So Fat

So Fat jokes

Your mama is so fat, by the time I swerved to miss her with the car, I ran out of gas.

You are so fat that the last time you stepped on the weighing scale, the doctor said, "I want your weight and not [your] phone number."

Joe mama so fat when she got sturdy, she tripped on her shoelaces, fell on her face, and fell down 2 floors.

Joe Mama so fat when she stepped on the sidewalk, I didn't laugh, but the sidewalk cracked up.

My wife is so fat! She wears high heels, she strikes oil.

When she sits around the house, she really sits *around* the house. Every time she turns around, it's her birthday.

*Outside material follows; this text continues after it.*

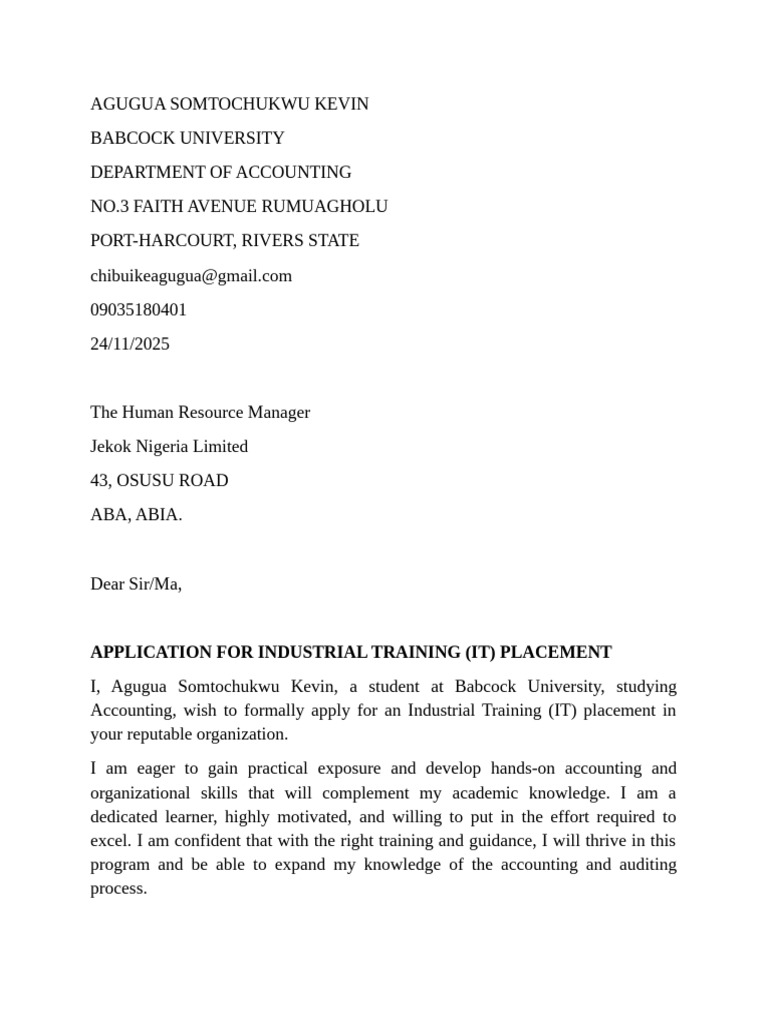 I.T Program Letter | PDF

My wife is so fat. I finally got up the energy to walk around to the other side. I found someone else!

My wife is so fat.

She asked me to get on top; I had to get a step ladder. When I got up there, my ears popped, and the air was so thin. I had to have two Sherpas drag me off the mountain.

My wife is so fat, I took her to the Macy's Day parade. They attached ropes to her.

My wife is so fat, she gets home, her ass gets home a half hour later.

My wife is so fat! When she goes swimming, she leaves a ring around the lake.

My wife is so fat. After sex, I rolled over twice. I was still on top of the bitch!

My wife is so fat! I took her to the Grand Canyon. She fell in and got stuck!